• [ASSIGNMENT] Where a picture occurs in the data, omit it, and copy all remaining data exactly.

-- RECORDS TO PROCESS follows --

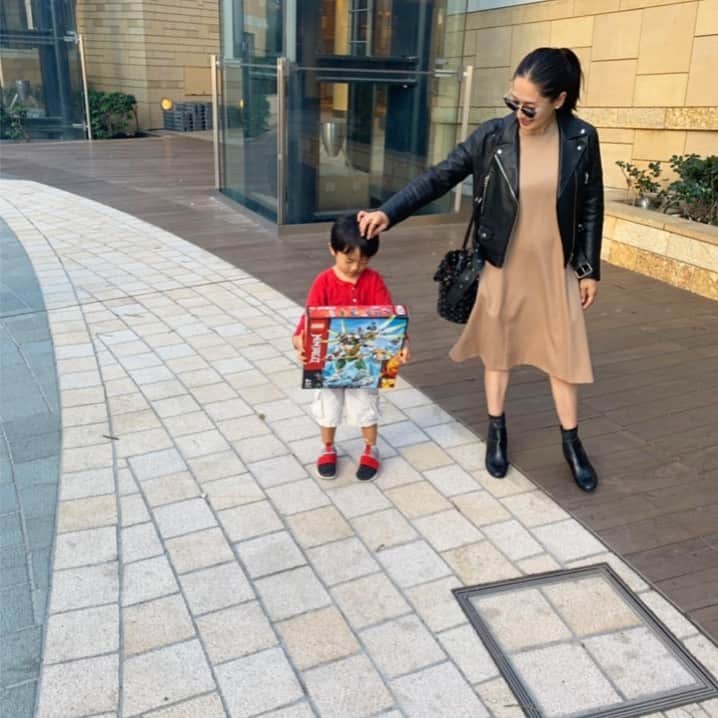 亀恭子のインスタグラム：「レザーJK・ワンピース・ショートブーツ… THE 王道 . . . 王道だけど、 かなり久しぶりにした感じがする。 私的コンサバ。 . . 今日は何の日でもないのに、 LEGOをせがまれて 折れて買ってしまった…苦笑 . . today's… #fashion #ootd #kkstyle #tokyo #kamescloset #jacket #acnestudios #onepiece #stunninglure #bag #jimmychoo #shoes #salvatoreferragamo #autumn #帰宅して #LEGO作りとrugby #せめぎ合い」
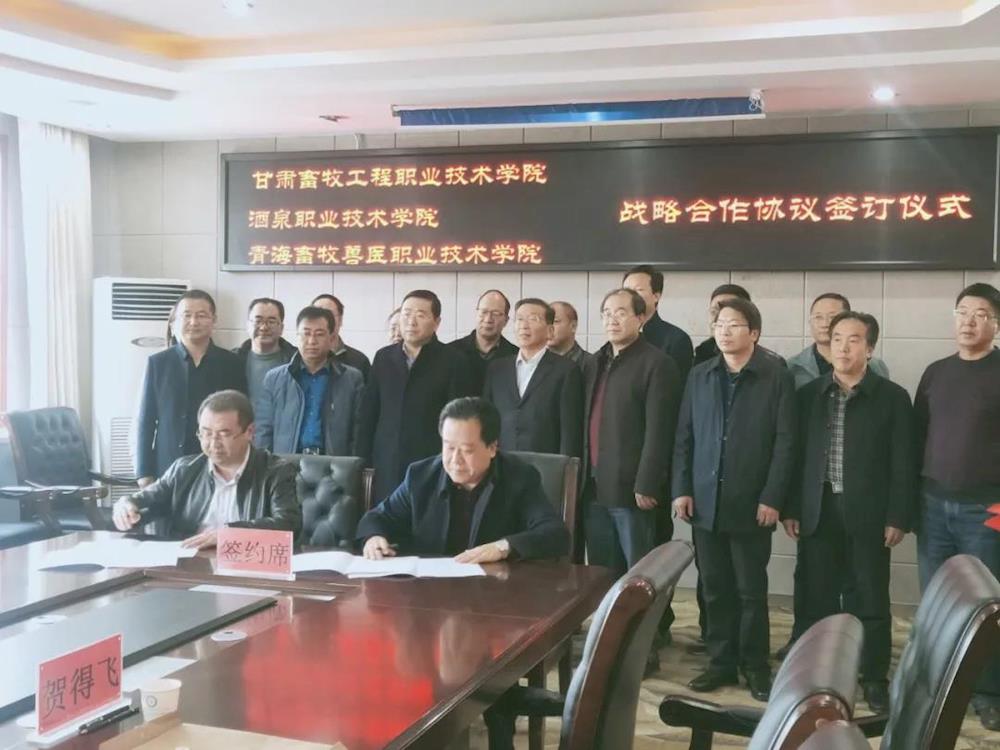 e9bea3ca854140c58b11ffdac0abca75.jpg e9bea3ca854140c58b11ffdac0abca75.jpg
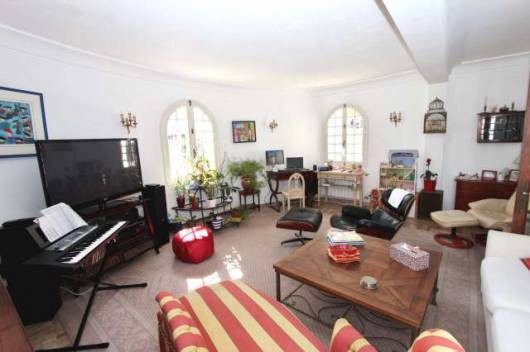 Great opportunity to purchase 2 spacious modern villas which are superbly p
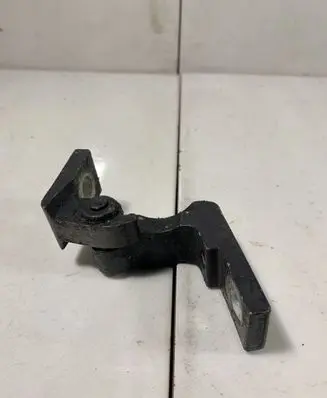 Audi A6 S6 C6 4F Front door lower hinge A046573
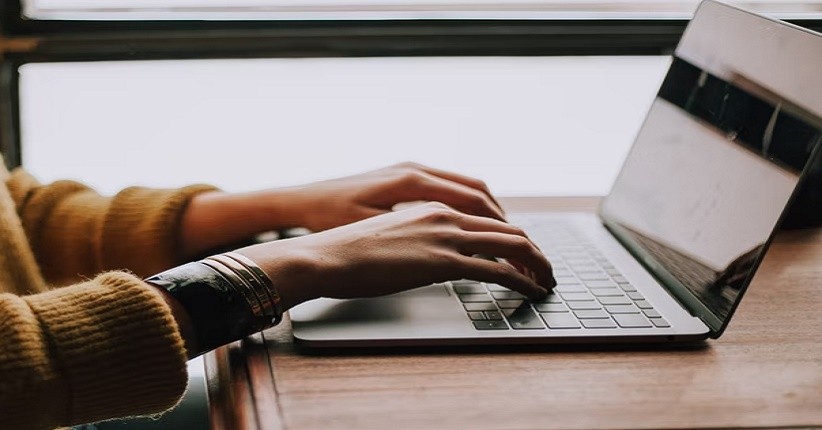 Cara Mengatasi Layar Laptop Hitam, Coba Hal Ini!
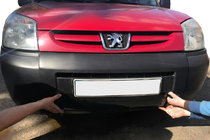 Peugeot Partner 1996-2008 Grila de iarna (2003-2008) foto 1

-- RECORDS TO PROCESS concluded --

• [ANSWER BOX]
 亀恭子のインスタグラム：「レザーJK・ワンピース・ショートブーツ… THE 王道 . . . 王道だけど、 かなり久しぶりにした感じがする。 私的コンサバ。 . . 今日は何の日でもないのに、 LEGOをせがまれて 折れて買ってしまった…苦笑 . . today's… #fashion #ootd #kkstyle #tokyo #kamescloset #jacket #acnestudios #onepiece #stunninglure #bag #jimmychoo #shoes #salvatoreferragamo #autumn #帰宅して #LEGO作りとrugby #せめぎ合い」
 e9bea3ca854140c58b11ffdac0abca75.jpg e9bea3ca854140c58b11ffdac0abca75.jpg
 Great opportunity to purchase 2 spacious modern villas which are superbly p
 Audi A6 S6 C6 4F Front door lower hinge A046573
 Cara Mengatasi Layar Laptop Hitam, Coba Hal Ini!
 Peugeot Partner 1996-2008 Grila de iarna (2003-2008) foto 1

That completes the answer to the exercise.